For some sites its as easy as enabling the Safari Debug menu and then adjusting the User Agent to IE and some sites will work. (Doesn't hurt to try before installing another browser)


----------



## namenotfound (Apr 30, 2005)

OrwellLives said:


> Firefox doesn't allow the user to change font type or size either; we've run into that problem many times in the past. I'm not positive, but I think the same is true of Mozilla. As far as I know right now, only IE allows MSN communities to change font type, size, color, post graphics, photos, etc. Thanks for bearing with me; I know this is frustrating.
> Cyndy K.


What exactly do you mean by "doesn't allow the user to change font type or size"?

Last time I checked, it DOES!

View -> Text Size -> Increase/Decrease

Also, going into the preferences, you can change what font is used; that is, Arial, Times, etc.


----------



## John A (Feb 29, 2008)

namenotfound said:


> What exactly do you mean by "doesn't allow the user to change font type or size"?
> 
> Last time I checked, it DOES!
> 
> ...


Maybe I'm totally off here, but I assumed that the original poster is referring to some sort of WYSIWYG editor in his/her 'Windows community'. In most online forums that I visit, Safari doesn't support any WYSIWYG editor and is forced to use the plaintext input. However, if a forum doesn't provide just a plaintext input box, this could present problems when trying to format text, I would imagine.


----------



## namenotfound (Apr 30, 2005)

John A said:


> Maybe I'm totally off here, but I assumed that the original poster is referring to some sort of WYSIWYG editor in his/her 'Windows community'. In most online forums that I visit, Safari doesn't support any WYSIWYG editor and is forced to use the plaintext input. However, if a forum doesn't provide just a plaintext input box, this could present problems when trying to format text, I would imagine.

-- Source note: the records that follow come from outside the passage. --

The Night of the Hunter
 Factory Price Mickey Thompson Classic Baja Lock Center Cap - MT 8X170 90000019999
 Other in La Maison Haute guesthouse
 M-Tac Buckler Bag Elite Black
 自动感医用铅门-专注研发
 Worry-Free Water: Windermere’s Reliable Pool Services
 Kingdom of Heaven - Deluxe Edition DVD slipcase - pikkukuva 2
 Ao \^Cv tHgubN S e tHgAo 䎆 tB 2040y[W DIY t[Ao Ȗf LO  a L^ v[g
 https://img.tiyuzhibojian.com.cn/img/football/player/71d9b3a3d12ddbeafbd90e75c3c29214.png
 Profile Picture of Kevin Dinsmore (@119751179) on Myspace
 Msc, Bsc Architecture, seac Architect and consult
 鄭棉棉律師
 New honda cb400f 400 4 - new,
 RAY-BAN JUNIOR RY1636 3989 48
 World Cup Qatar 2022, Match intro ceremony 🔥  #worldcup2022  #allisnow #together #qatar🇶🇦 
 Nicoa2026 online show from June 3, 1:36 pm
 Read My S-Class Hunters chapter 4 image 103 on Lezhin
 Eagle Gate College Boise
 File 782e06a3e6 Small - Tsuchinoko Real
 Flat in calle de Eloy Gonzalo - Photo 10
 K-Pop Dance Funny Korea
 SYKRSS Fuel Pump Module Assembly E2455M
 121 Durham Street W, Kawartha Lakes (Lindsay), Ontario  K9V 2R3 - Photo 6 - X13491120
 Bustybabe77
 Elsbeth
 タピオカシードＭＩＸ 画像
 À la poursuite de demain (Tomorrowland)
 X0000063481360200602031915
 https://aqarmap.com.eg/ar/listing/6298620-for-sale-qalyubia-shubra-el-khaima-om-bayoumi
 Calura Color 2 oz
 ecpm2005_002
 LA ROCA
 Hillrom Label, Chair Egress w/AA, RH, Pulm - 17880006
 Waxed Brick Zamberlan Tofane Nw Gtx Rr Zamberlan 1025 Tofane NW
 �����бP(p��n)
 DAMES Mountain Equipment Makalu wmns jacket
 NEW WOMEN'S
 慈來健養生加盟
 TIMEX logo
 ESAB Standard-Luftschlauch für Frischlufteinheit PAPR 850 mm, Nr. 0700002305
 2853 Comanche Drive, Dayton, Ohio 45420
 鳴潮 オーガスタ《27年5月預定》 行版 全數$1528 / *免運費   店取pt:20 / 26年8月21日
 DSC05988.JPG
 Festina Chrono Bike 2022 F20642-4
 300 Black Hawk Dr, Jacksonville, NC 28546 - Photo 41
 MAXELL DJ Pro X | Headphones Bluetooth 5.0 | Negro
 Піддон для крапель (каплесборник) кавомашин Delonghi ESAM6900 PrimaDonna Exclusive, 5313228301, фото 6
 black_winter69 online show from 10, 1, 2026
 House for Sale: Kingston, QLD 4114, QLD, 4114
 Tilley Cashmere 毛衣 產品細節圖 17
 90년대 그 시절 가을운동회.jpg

Ok, that makes sense. I really had no idea what OP was talking about, he was unclear.

Well in that case, couldn't he change the size manually? Depending on if his community supports BBCode, or HTML, he should be able to do it manually.

For example, I can use the "size" button on this site, OR I can do it manually.

[ SIZE="5"]Hello World[ /SIZE]


----------



## OrwellLives (Mar 8, 2007)

I'll try to be clearer. Communities on MSN allow members to use built-in HTML code to change font type, size, color, orientation (bold, italics, underline), add graphics like .jpg or .gif greetings. When you open a "post" or message window, all these options are available across the top of the window in Internet Explorer ONLY, not in any other browser that I know of. From what others have said, and what I see in Safari, they get only a plain window with the default font (Arial or Times New Roman, maybe, at about a size 8 or 10 at the most). Since most of our members are disabled and quite a few have eyesight problems, that tiny font is hard for them to see. I've tried copying and pasting from my e-mail program with html code but it defaults right back to the Safari default. The best I can do is type in all caps. I bought a MAC to avoid giving Bill Gates the satisfaction of trapping one more person, but now it looks like it's unavoidable; some of my programs can't be accessed any other way but through Windows. If Apple had been more honest up front about some things, I never would have bought the iMac. They claimed they'd move all my files and programs for me at time of purchase; they didn't move one. They said everything I had would be compatible, but so far at least three of my favorite applications are not. And the "easier to use right out of the box" MAC is a joke. Maybe if you're a computer whiz; I'm not, and they assume way too much.
Cyndy K.


----------



## Yankee Rose (Jul 14, 1999)

Cyndy:

Where did you purchase your Mac? An Apple store? Online? I have never heard of an Apple employee manually moving files for a customer. Whoever you talked to, you need to address this as if they offered, they need to follow through. Otherwise call Apple support and tell them, as they need to know: 1-800-275-2273.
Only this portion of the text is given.